29. Try Bathing Before Bed
If your newborn has a tough time winding down before bedtime, try giving them a bath (once their umbilical cord falls off) in order to establish a routine.
Newborns can easily get overstimulated and overtired if you miss the right cues and take too long to start prepping for bedtime.
The best way to get bedtime down is to first start immediately when your baby starts showing signs of being tired and second to stick to a routine.
Now an awesome way to get a newborn into a bedtime routine is by giving them a nice warm bath.
You have to keep in mind that newborns also hate the cold, so if you don’t prep for and execute bath time well you’ll end up making things a lot more stressful.
I wrote an entire post with hacks and tips on how you can give your newborn a bath easily and without all the tears.
You could check it out here.
Oh, and once you give your baby a bath, don’t forget to finish off with a nice comfortable and soothing massage!
I mean who wouldn’t sleep through the night after being pampered like that (my baby, haha.. oh man I sure love the newborn phase.. but in all seriousness, it does help them wind down for sure)?!
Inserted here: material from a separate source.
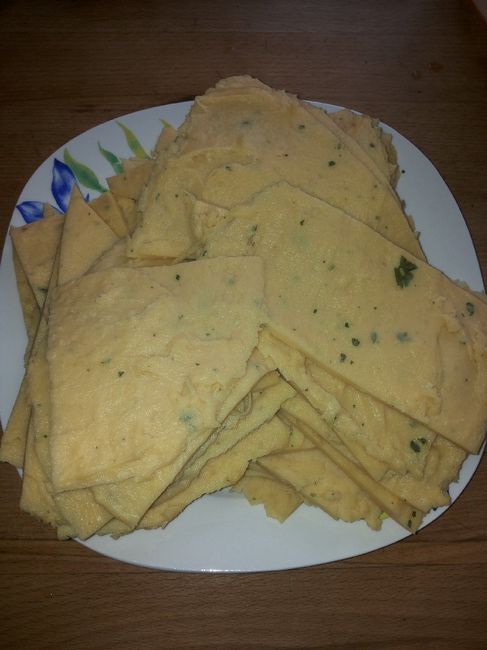  Quanto siete brave in cucina? - 1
Related Post: 15 Mom Hacks and Tips for Bath Time
30. Learn What Your Baby Likes and Stick with It
My final tip is very broad but so true because no baby is the same and so I encourage you to be a learning machine because that’s what it’ll take to thrive through the newborn stage.
And I’ll add that most of the things that do work you’ll discover by chance.
Someone will do something accidentally and your baby will react and you’ll have that “AHA” moment!
In my case, I accidentally discovered that my newborn is fascinated by ceiling night lights and so I use those to sometimes calm him down.
I read all the time about moms discovering that their newborn reacts well to certain sounds versus others.
Maybe your newborn likes the feel of a certain swaddle and hates the others.
Maybe they like to be held a specific way, like horizontally at a 45-degree angle.
Or maybe they don’t like to be held at all when they’re drifting off to sleep.
You’ll figure it out, just make sure you’re paying attention!
Ans if sleep is something your baby absolutely struggles to get on their own, in other words they only sleep in your arms (which is both exhausting and dangerous), then talk to your pediatrician about co-sleeping.
I know its a controversial topic, so I won’t delve too much into it.
However, in our case, using a co-sleeper (either one that attaches to the bed or a lounger) was the only way to get some sleep in those early months as we were exhausted (and the SNOO was just too expensive for us at the time.. but looking back, we could’ve so rented it!).
All in all, do what’s best and safest for your family!
I hope these tips make things a little easier.
I’ll admit, the newborn phase is TOUGH.
And it’s even more brutal with two under two.
Every day is so different, and just when you think you’ve got it down, they change on you again!
Bedtime is chaotic and it seems like getting a schedule down is a lost cause.
But remember, it’s all temporary.
By 3 months, you will have what will seem like a whole new baby.
So, try to savor these moments with your teeny one.
I know it’s tough to cherish this time since you’re so exhausted, but take as many pictures as you possibly can and love on that baby every second you can because once they’re older they’ll want their space.